Judge Rules That Mary Trump Tell-All Can Move Forward Pending Hearing

Simon & Schuster will release the book on July 28

U.S. President Donald Trump speaking at the White House in July 2020
President Donald Trump speaks at a Spirit of America Showcase on July 1.
Chip Somodevilla/Getty Images

Well, that was quick. Just one day after a judge temporarily blocked the publication of Mary Trump’s forthcoming tell-all book, Too Much and Never Enough: How My Family Created the World’s Most Dangerous Man, a New York appellate judge has overturned that decision. The publisher Simon & Schuster can move ahead with its plans to release the book from President Trump’s niece on July 28.

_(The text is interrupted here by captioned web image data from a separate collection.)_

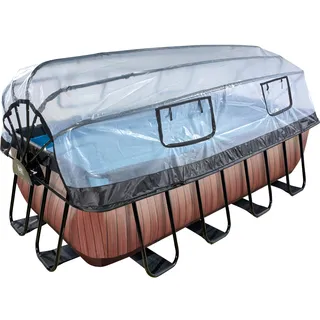 EXIT TOYS Wood Pool 400 x 200 x 122 cm inkl. Sandfilter und Abdeckung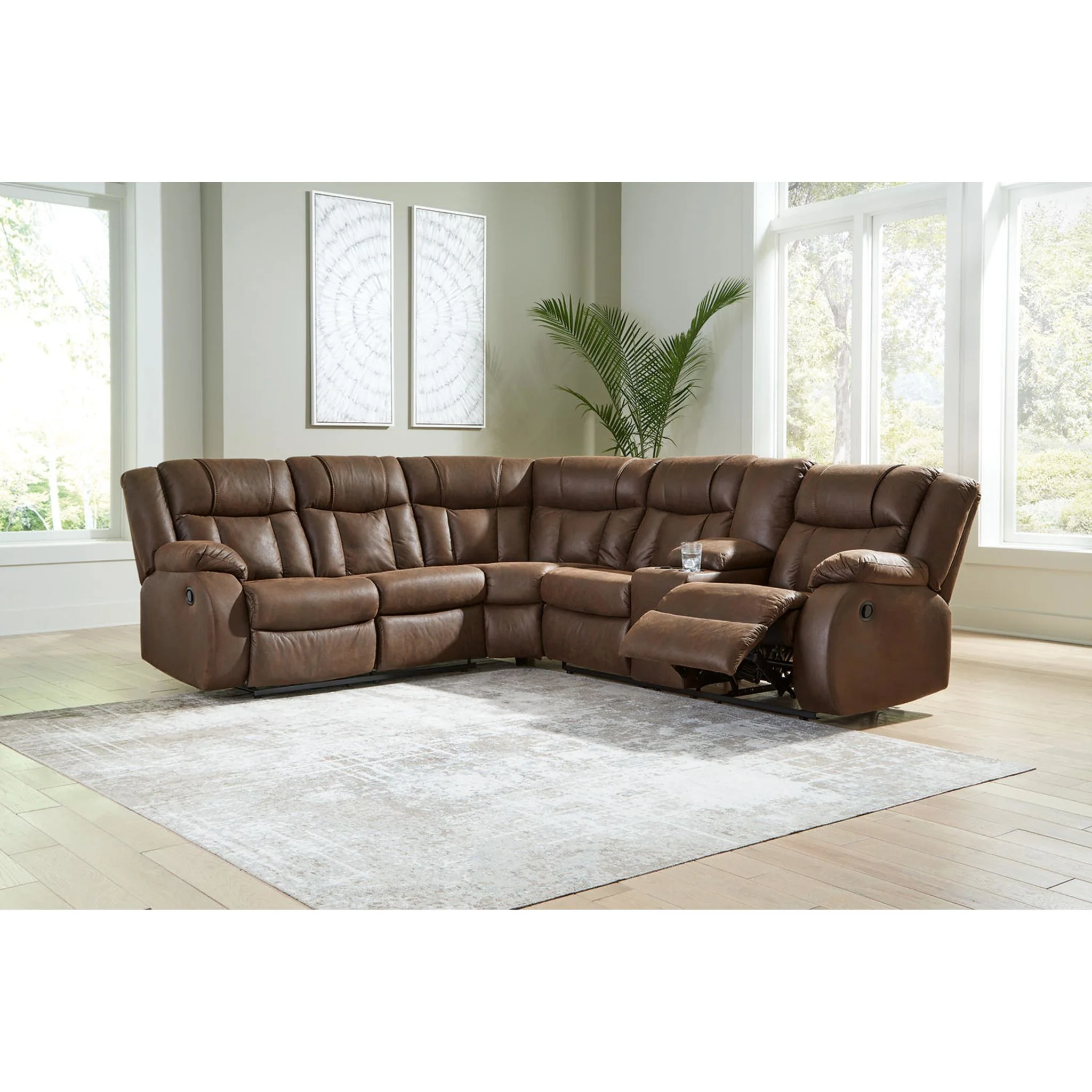 Trail Boys 2 Piece Reclining Sectional with Console - Image 14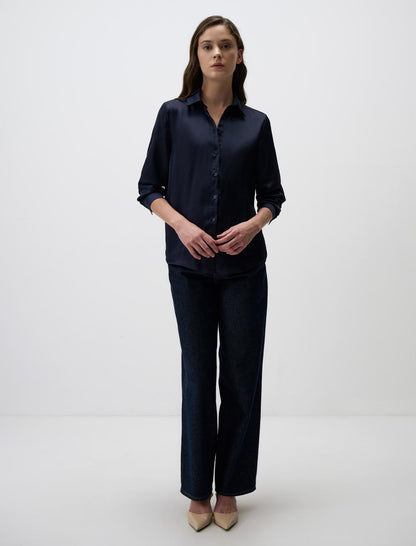 Long Sleeve Elegant Satin Shirt
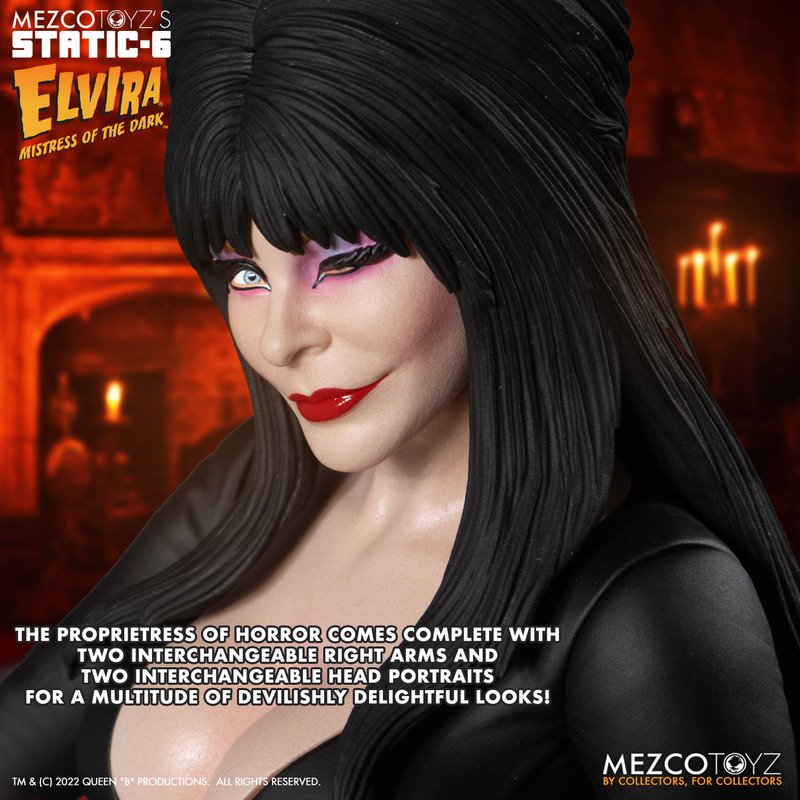 PRE-ORDER MEZCO TOYZ'S STATIC-6 - Elvira® Mistress of the Dark™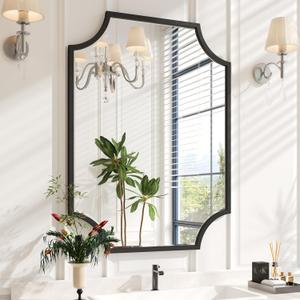 Kelly Miller 30"x40" Large Black Bathroom Mirror for Wall, Gold Scalloped Vanity Mirror Bevelled Framed Decorative Mirror for Master Bath Half Bath Entrance Hallway Fireplace Bedroom Living Room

Justice Alan D. Scheinkman ruled that Simon & Schuster was not a party to (and thus not bound by) Mary Trump’s confidentiality agreement, writing, “Unlike Ms. Trump, S&S has not agreed to surrender or relinquish any of its First Amendment rights.” However, as The New York Times points out, the ruling “put off addressing a central aspect of the bitter spat about the manuscript that has been roiling all month in the Trump family: whether, by writing the book, Ms. Trump violated a confidentiality agreement put in place nearly 20 years ago after a struggle over the will of her grandfather, Fred Trump Sr., Donald Trump’s father.”

“We support Mary L. Trump’s right to tell her story in Too Much and Never Enough, a work of great interest and importance to the national discourse that fully deserves to be published for the benefit of the American public,” Simon & Schuster said in a statement on Wednesday. “As all know, there are well-established precedents against prior restraint and pre-publication injunctions.”